Alle 22:15, la città di San Francisco era stata convertita in un proscenio allestito con armi e veicoli militari.

“Conferma dell’evacuazione della città. Passare alla Fase 2.”

 

*   *   *

 

Ponte di Comando dell’Eleanor Rigby.

 

Il planisfero virtuale 3D galleggiava puntellato da decine di puntini rossi. Una sfera separata – la Luna – lo affiancava, congiunta da una linea pulsante su cui scivolava lentamente un puntatore triangolare. Dai megaschermi frontali e laterali provenivano gli sguardi tesi e severi dei pezzi da 90 dello scacchiere internazionale. L’interezza degli Stati Federati d’Austramerica nella loro personificazione del Triumvirato; Emirati, Sud Africa, Pakistan e Israele dalle Nazioni Arabiche Unite; e poi Regno Unito, Francia, Russia, Cina, Corea del Sud ed India dal Blocco Eurasiatico. Anche lo Stato Indipendente del Vaticano presenziava per tramite del suo camerlengo. La trepidazione e l’ansia faticavano ad essere contenute dai sotto-Ufficiali microfonati all’opera sui computer di bordo.

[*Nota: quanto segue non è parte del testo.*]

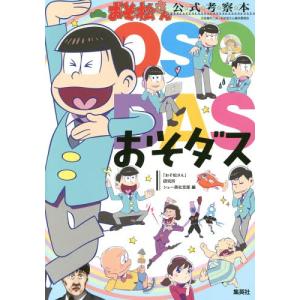 おそ松さん 本の商品一覧 通販 Yahoo ショッピング
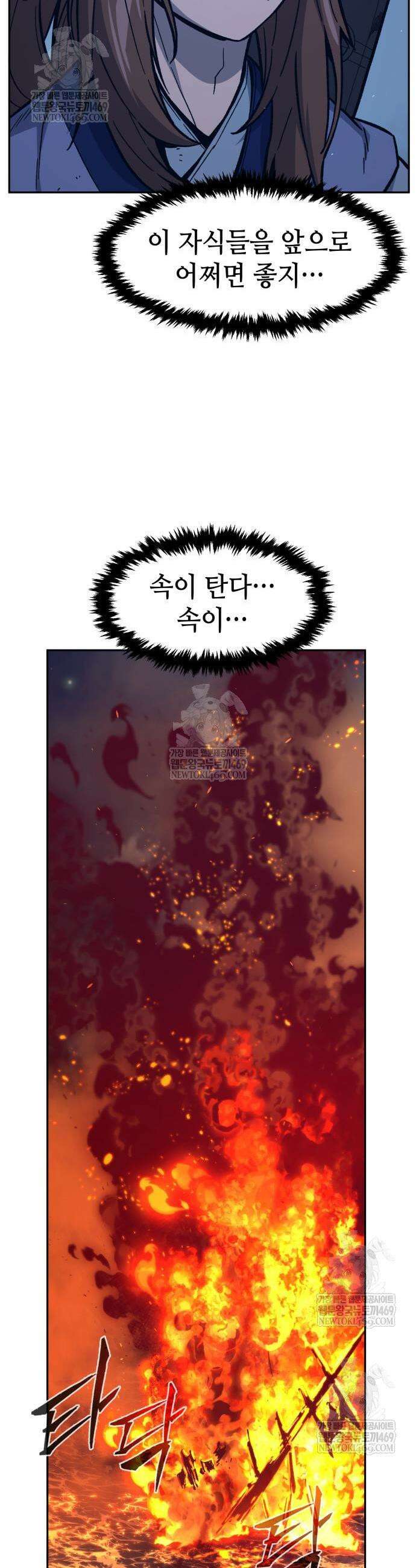 절대검감 179화 11
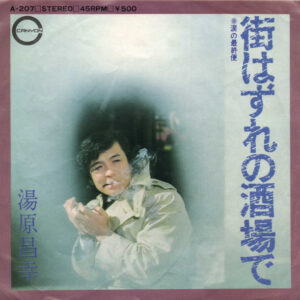 湯原昌幸 - 街はずれの酒場で (7", Single)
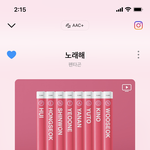 [펜타곤] <b>여력</b>되면 아침 음원다운해주세요!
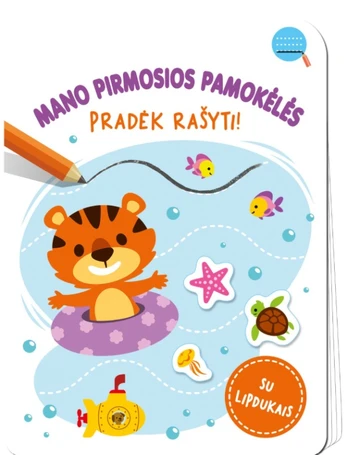 Mano pirmosios pamokėlės. Pradėk rašyti!
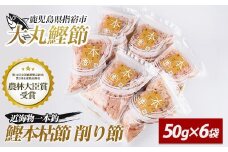 近海物一本釣 鰹本枯節 削り節 50g×6袋(大丸鰹節/010-1613) 鰹節 かつお節 かつおぶし 本枯れ 枯節 本枯れ節 本枯れ本節 本枯本節 カツオ 鰹 魚 特産品 いぶすき 鹿児島 鰹 加工品  だし 出汁 みそ汁 魚介類 海鮮 特選 調味料 トッピング かつお節ご飯 かつおぶしごはん 鰹節ご飯 節 指宿鰹節 近海 一本釣り 大丸 小袋 小分け 常温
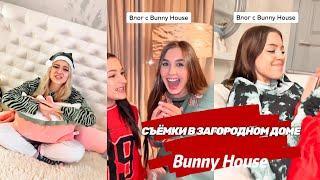 Съёмки / Появился ТикТок Bunny House! // Lady Diana Stories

“Preparativi completati. Sistemi di difesa anti-meteorite schierati.”

“Centri di Comando Militare alleati presenti all’appello. Siamo connessi con l’ISS.”

In un quadro separato del mosaico di facce, comparve anche quello di Annette Martin, in rappresentanza del suo equipaggio: “Qui Stazione Spaziale Internazionale, vi riceviamo!”

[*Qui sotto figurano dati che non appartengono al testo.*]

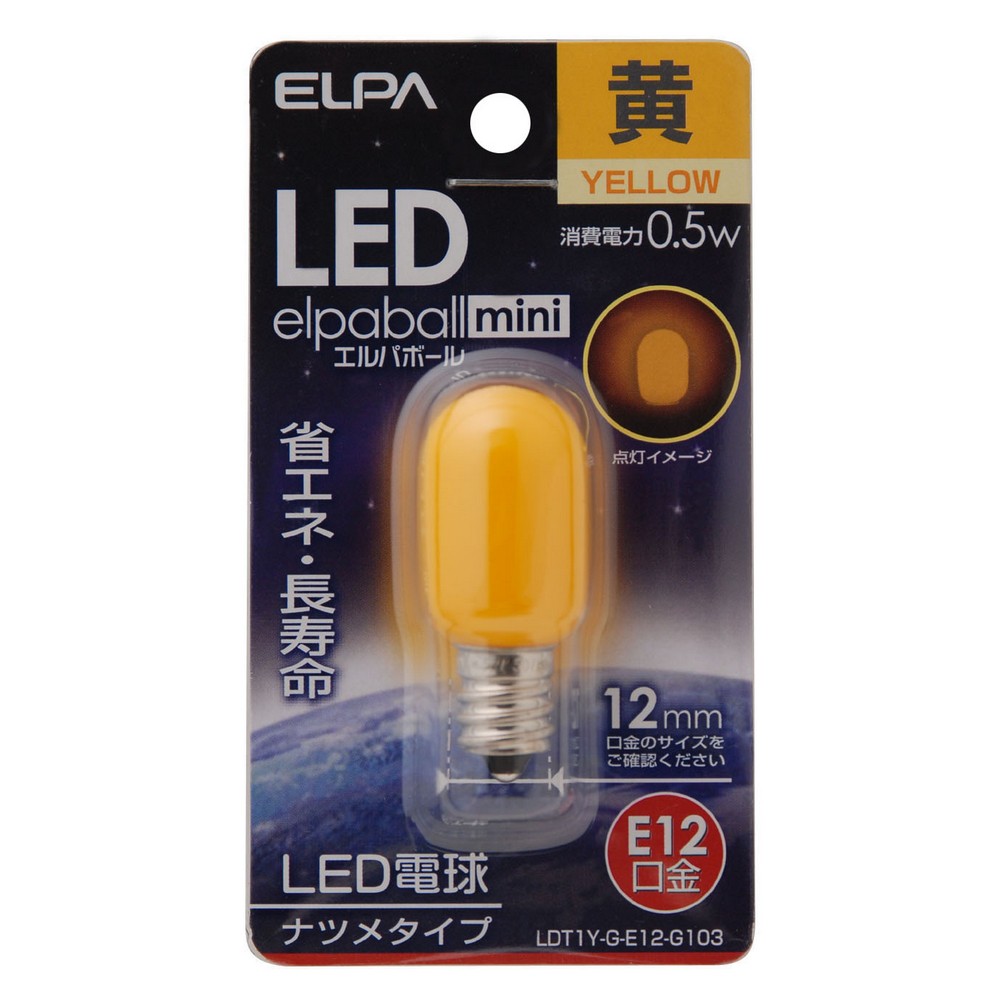 エルパ LED電球 ナツメ形 E12 黄色 LDT1Y-G-E12-G103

Le telecamere satellitari dell’ISS trasmisero l’immagine della spettrale massa nera del Nidhoggr, ancora lontana ma distinguibile, contro la faccia bianca della Luna.

“La distanza attuale del nemico?” – chiese Andrea McCoy, affiancata da Khurana e Asimov a cui aveva concesso l’onore e onere di presidiare a bordo della nave.

“Ancora diecimila chilometri.”

“Proprio sul filo del rasoio.

Passò in rassegna rapidamente i volti dei presidenti connessi e – più per forma che per reale necessità – chiese ai suoi sottoposti: “Che mi dite dei Paesi assenti?”

“Giappone, Germania, Italia e gli altri Paesi arabici si sono chiamati fuori.”

Studiò ancora il planisfero e quella spolverata di puntini rossi che riportavano ‘EOBM – ARMED’.

“A che punto siamo con il piano di lancio?”

“I Presidenti e i Generali sono nelle panic room e hanno ricevuto i codici di lancio. Missili Balistici Extra-Orbitali armati.”

Ekaterina incrociò le braccia sul petto, parlando tra sé: “Un’utilizzo delle armi nucleari bandito dal Patto di Disarmo del 2033. Davvero una scelta intrisa dell’ipocrisia di tutte le Nazioni.”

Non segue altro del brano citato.